=== AIM OF THE TASK ===
Give back exactly the stretch of data below from the line holding "GUITARRA ELECTRICA EVH" through the line holding "Vader by Free Humanity", both ends included, and leave the remaining lines out.

=== TASK INPUT ===

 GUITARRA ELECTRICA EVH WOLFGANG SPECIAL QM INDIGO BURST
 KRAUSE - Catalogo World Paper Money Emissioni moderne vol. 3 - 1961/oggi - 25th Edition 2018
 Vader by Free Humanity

...

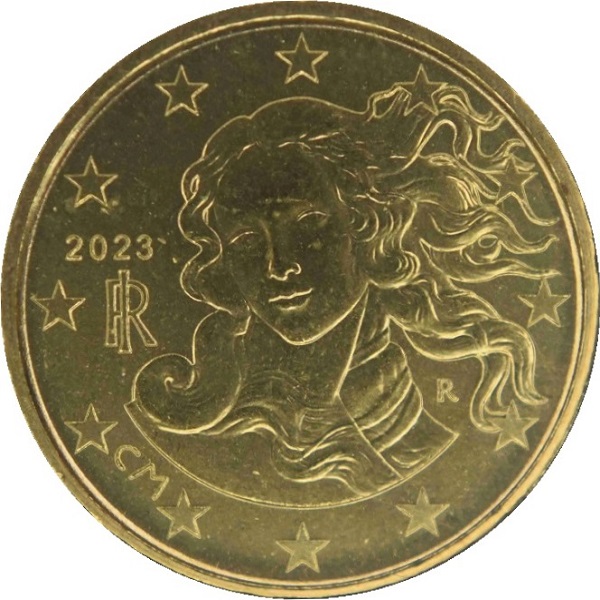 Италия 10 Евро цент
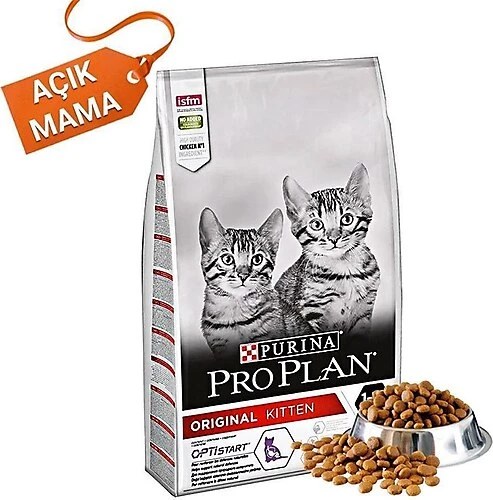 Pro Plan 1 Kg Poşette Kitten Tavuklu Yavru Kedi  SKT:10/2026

* * *

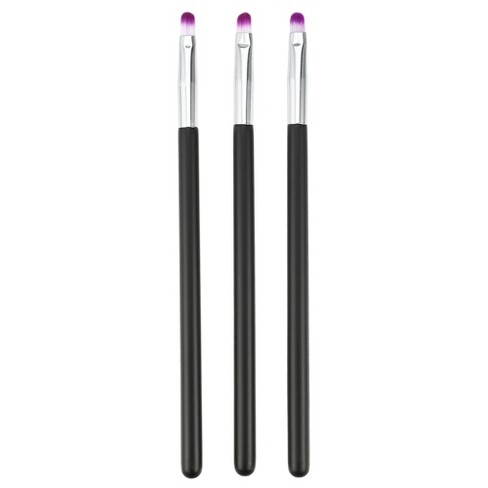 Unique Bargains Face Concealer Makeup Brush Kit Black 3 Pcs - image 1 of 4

=== RESULT ===
 GUITARRA ELECTRICA EVH WOLFGANG SPECIAL QM INDIGO BURST
 KRAUSE - Catalogo World Paper Money Emissioni moderne vol. 3 - 1961/oggi - 25th Edition 2018
 Vader by Free Humanity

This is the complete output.